## Task prompt
Set out the listing word for word. End with the line that contains "William Rothenstein, Arthur".

****************************************

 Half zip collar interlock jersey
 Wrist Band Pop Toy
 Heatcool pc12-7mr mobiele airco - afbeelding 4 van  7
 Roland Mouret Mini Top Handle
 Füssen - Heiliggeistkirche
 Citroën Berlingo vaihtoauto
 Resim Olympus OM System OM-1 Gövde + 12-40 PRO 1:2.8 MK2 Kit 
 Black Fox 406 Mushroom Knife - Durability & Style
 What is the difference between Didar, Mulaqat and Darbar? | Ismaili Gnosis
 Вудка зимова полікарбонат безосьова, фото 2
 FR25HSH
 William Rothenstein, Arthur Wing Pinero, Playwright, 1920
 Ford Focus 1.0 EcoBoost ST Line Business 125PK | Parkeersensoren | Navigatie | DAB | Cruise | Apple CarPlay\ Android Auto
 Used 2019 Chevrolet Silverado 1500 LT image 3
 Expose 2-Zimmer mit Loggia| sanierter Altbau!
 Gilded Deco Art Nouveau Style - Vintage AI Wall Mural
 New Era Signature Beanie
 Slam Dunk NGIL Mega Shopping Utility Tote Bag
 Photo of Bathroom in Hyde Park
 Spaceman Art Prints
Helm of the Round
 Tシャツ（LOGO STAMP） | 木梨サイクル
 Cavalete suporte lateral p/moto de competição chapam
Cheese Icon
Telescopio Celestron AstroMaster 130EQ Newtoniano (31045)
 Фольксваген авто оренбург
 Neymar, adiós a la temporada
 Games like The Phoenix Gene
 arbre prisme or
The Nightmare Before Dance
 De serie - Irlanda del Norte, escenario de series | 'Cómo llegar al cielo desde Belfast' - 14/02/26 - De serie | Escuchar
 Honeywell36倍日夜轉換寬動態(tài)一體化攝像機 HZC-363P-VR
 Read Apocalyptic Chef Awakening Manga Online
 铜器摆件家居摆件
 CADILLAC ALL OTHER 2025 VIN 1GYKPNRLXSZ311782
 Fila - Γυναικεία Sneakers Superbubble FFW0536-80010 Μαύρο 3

****************************************

## Exercise output
 Half zip collar interlock jersey
 Wrist Band Pop Toy
 Heatcool pc12-7mr mobiele airco - afbeelding 4 van  7
 Roland Mouret Mini Top Handle
 Füssen - Heiliggeistkirche
 Citroën Berlingo vaihtoauto
 Resim Olympus OM System OM-1 Gövde + 12-40 PRO 1:2.8 MK2 Kit 
 Black Fox 406 Mushroom Knife - Durability & Style
 What is the difference between Didar, Mulaqat and Darbar? | Ismaili Gnosis
 Вудка зимова полікарбонат безосьова, фото 2
 FR25HSH
 William Rothenstein, Arthur Wing Pinero, Playwright, 1920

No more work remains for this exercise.